Goldman says Central Banks gobble up 20% of global gold supply
NEW YORK – Central banks are consuming a fifth of the global supply of gold, signaling a shift away from the dollar that’s bolstering the case for owning bullion, according to Goldman Sachs Group.
“De-dollarization in central banks - demand from central banks for gold is biggest since the Nixon era, eating up 20% of global supply,” Jeff Currie, the head of global commodities research at Goldman, said in a Bloomberg Television interview Monday. “I am going to like gold better than bonds because the bonds won’t reflect that de-dollarization.”
Last week, Goldman analysts including Sabine Schels said investors should diversify their long-term bond holdings with gold, citing “fear-driven demand” for the precious metal.
Bullion climbed to a six-year high in September as the Federal Reserve cut borrowing costs and the total pile of debt yielding less than zero climbed to a record $17-trillion, boosting the appeal of non-interest bearing gold.

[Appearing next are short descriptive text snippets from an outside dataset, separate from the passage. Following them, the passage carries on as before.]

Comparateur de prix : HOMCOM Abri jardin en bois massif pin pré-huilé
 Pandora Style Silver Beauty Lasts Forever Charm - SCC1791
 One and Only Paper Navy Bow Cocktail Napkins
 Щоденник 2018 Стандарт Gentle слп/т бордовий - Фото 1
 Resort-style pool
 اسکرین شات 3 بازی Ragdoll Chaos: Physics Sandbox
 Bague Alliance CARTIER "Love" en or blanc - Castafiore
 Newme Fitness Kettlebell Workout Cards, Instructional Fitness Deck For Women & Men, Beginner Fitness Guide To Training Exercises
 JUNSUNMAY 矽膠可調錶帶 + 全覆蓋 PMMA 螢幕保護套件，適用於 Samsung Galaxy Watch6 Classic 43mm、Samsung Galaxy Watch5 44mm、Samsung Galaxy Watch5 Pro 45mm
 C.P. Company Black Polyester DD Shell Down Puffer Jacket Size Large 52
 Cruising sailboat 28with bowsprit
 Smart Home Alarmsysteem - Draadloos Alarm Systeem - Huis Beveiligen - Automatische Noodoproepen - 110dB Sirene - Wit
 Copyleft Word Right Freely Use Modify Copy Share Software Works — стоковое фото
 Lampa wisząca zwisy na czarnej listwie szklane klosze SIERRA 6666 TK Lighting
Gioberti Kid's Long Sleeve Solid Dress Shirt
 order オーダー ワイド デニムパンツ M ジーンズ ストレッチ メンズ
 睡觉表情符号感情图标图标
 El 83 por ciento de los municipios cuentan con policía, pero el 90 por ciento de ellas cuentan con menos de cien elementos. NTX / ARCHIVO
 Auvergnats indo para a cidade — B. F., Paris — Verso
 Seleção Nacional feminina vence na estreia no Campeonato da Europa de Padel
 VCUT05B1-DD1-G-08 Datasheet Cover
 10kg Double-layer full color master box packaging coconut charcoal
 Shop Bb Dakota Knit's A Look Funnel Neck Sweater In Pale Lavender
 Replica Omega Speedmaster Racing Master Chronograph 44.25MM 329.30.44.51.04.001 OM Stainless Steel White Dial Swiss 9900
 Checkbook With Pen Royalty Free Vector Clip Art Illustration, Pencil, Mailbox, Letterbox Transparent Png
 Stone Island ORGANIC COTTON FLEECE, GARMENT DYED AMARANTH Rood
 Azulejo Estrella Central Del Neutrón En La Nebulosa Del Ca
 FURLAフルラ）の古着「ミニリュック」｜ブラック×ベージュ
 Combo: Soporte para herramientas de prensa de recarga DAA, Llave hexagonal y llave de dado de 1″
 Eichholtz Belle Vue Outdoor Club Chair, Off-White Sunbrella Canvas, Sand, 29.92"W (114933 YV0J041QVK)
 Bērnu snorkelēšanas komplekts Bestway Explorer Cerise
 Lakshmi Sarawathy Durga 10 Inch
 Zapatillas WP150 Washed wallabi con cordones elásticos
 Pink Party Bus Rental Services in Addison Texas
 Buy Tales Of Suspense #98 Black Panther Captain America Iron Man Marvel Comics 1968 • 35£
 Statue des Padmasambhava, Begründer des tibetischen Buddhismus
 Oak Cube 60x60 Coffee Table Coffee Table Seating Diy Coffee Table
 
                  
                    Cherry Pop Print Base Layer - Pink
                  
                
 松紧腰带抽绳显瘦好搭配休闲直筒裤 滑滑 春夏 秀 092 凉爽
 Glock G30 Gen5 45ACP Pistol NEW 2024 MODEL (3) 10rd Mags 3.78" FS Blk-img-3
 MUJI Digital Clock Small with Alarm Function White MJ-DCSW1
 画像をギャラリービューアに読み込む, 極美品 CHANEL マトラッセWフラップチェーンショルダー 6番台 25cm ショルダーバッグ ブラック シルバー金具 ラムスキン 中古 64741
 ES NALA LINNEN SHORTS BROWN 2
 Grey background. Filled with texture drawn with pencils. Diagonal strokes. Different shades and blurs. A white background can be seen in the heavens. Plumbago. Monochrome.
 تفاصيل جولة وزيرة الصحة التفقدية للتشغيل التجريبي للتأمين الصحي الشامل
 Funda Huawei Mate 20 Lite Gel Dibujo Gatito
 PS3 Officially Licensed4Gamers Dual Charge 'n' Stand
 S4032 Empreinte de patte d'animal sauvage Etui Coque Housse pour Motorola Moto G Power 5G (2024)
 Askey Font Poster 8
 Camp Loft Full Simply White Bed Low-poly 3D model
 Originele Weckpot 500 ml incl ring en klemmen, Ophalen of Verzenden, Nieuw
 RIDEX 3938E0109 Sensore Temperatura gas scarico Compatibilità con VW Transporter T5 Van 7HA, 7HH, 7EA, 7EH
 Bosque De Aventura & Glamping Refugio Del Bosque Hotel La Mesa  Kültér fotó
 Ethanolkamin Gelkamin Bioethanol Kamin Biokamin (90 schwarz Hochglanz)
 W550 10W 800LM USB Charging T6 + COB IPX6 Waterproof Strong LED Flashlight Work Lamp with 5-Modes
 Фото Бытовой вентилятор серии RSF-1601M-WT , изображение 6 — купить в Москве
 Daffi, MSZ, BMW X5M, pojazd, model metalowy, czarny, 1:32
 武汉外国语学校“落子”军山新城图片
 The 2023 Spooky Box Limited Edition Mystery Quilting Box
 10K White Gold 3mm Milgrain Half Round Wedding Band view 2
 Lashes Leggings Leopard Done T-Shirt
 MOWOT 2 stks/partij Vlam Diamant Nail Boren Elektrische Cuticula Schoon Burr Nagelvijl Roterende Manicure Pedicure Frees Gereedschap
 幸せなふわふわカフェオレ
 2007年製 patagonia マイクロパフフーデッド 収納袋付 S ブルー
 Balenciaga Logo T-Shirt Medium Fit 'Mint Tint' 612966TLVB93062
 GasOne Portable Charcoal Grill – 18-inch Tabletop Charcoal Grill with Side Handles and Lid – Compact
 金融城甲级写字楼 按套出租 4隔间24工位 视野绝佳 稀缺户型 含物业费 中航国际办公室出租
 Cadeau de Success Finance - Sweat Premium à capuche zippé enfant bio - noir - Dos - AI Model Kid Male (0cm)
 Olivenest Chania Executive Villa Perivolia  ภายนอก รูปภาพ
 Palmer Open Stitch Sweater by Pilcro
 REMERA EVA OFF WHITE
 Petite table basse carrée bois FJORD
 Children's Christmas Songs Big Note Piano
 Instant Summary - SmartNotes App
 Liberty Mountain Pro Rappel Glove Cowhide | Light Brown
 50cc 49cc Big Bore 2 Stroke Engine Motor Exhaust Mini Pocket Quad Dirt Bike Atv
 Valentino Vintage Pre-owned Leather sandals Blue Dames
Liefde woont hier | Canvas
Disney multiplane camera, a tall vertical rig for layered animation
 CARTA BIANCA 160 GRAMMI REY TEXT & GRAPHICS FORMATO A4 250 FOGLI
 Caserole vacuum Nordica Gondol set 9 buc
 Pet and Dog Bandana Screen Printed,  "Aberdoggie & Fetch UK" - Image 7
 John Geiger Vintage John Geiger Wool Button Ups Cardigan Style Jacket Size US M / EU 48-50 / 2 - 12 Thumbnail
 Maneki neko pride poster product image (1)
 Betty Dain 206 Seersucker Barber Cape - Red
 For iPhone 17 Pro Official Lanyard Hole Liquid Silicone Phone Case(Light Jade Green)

Hedge funds and other large speculators boosted their bullish bets on the precious metal by 8.9% in the week ended December 3, government data showed Friday. That’s the biggest gain since late September.
“Gold cannot fully replace government bonds in a portfolio, but the case to reallocate a portion of normal bond exposure to gold is as strong as ever,” Goldman said in a note Friday. “We still see upside in gold as late cycle concerns and heightened political uncertainty will likely support investment demand” for bullion as a defensive asset.
Gold has fallen about 6% from its peak in September in the spot market. The precious metal rose 0.1% to close at $1 461.68/oz at 5 p.m. in New York.
While Goldman said the correction in bullion prices has further room to run, the bank is still sticking to its forecast prices will climb to $1 600 over the next year.